[Material provided]

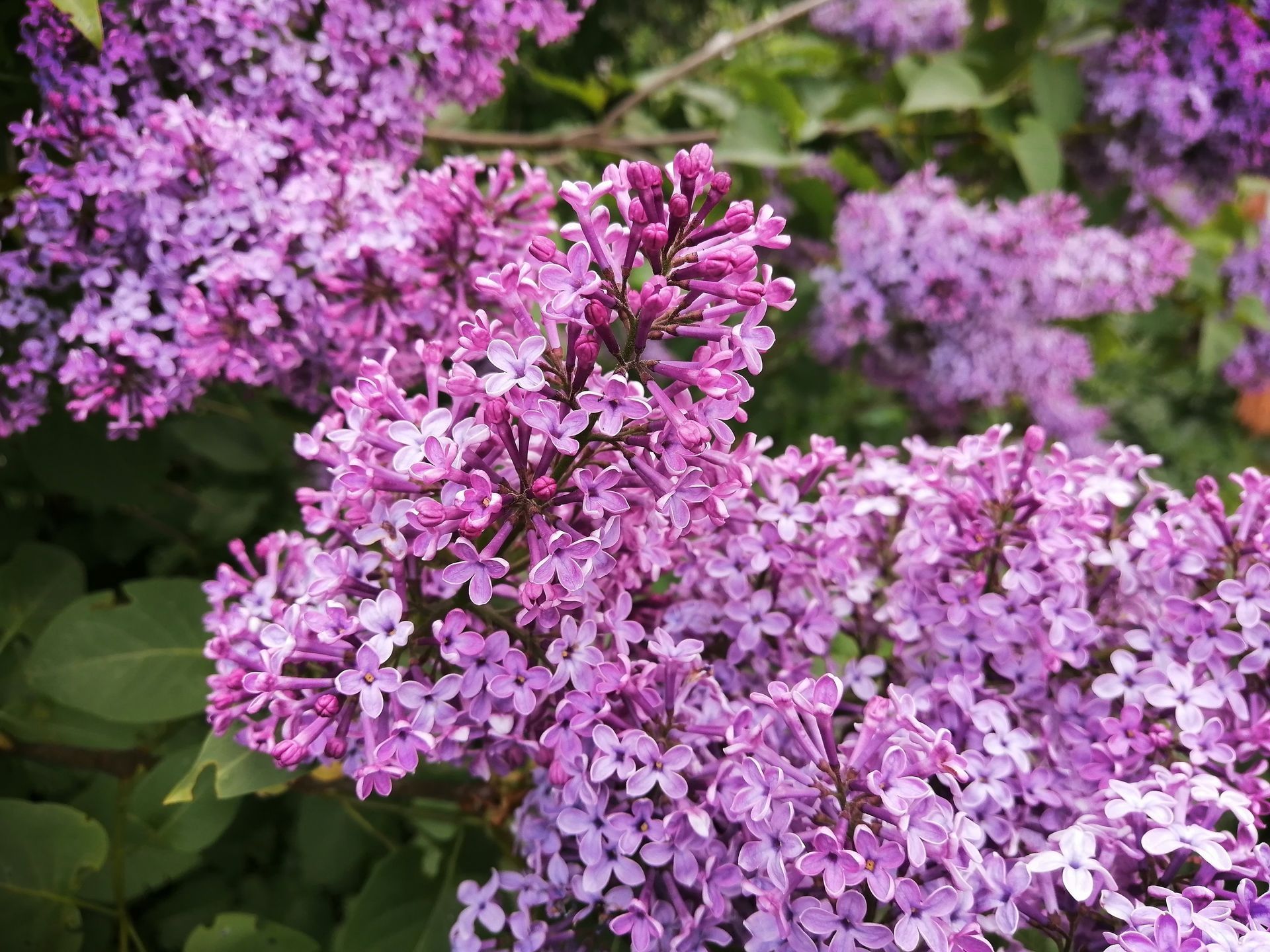 Clusters of fragrant, purple lilac blossoms on a leafy shrub.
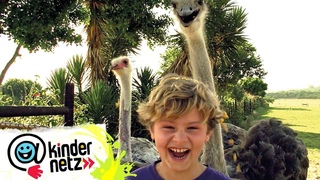 Der größte Vogel der Welt | Mein Bruder und ich in Südafrika | SWR Kindernetz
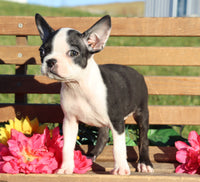 Barney Male ACA Boston Terrier $500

[/Material provided]

Work item:
Take the line with "Der größte Vogel" and every line after it through the end of the data, and write only them out exactly, leaving out the pictures.

Answer below:
 Der größte Vogel der Welt | Mein Bruder und ich in Südafrika | SWR Kindernetz
 Barney Male ACA Boston Terrier $500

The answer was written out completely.